#### [Information shown]
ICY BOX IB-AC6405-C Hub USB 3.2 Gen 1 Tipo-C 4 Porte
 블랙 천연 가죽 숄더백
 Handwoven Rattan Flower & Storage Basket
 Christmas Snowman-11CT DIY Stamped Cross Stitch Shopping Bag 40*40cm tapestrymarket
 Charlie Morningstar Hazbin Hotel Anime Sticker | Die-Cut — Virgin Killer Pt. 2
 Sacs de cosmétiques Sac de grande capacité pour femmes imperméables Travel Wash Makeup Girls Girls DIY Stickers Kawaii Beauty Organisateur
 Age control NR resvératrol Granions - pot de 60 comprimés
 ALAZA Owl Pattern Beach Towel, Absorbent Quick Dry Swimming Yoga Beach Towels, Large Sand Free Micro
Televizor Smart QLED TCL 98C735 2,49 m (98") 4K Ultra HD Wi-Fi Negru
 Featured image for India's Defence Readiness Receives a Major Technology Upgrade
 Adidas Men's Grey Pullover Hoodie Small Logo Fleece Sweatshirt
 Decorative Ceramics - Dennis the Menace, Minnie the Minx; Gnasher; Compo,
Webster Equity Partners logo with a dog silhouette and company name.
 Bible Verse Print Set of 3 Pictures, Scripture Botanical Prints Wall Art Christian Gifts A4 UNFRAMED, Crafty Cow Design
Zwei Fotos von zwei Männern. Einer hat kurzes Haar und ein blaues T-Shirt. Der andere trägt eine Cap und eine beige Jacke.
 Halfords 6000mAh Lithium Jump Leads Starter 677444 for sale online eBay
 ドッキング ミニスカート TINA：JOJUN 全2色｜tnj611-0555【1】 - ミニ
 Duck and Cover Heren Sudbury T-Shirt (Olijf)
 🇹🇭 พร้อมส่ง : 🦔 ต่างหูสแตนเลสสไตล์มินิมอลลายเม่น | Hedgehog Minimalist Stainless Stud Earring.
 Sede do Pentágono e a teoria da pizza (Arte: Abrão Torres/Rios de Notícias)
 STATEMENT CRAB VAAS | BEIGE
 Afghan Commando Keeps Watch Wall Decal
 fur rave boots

#### [Description of the task]
In the listing above, find the line with "Age control NR" and the line with "Zwei Fotos von", then print exactly those lines and every line between them.

#### [Answer below]
 Age control NR resvératrol Granions - pot de 60 comprimés
 ALAZA Owl Pattern Beach Towel, Absorbent Quick Dry Swimming Yoga Beach Towels, Large Sand Free Micro
Televizor Smart QLED TCL 98C735 2,49 m (98") 4K Ultra HD Wi-Fi Negru
 Featured image for India's Defence Readiness Receives a Major Technology Upgrade
 Adidas Men's Grey Pullover Hoodie Small Logo Fleece Sweatshirt
 Decorative Ceramics - Dennis the Menace, Minnie the Minx; Gnasher; Compo,
Webster Equity Partners logo with a dog silhouette and company name.
 Bible Verse Print Set of 3 Pictures, Scripture Botanical Prints Wall Art Christian Gifts A4 UNFRAMED, Crafty Cow Design
Zwei Fotos von zwei Männern. Einer hat kurzes Haar und ein blaues T-Shirt. Der andere trägt eine Cap und eine beige Jacke.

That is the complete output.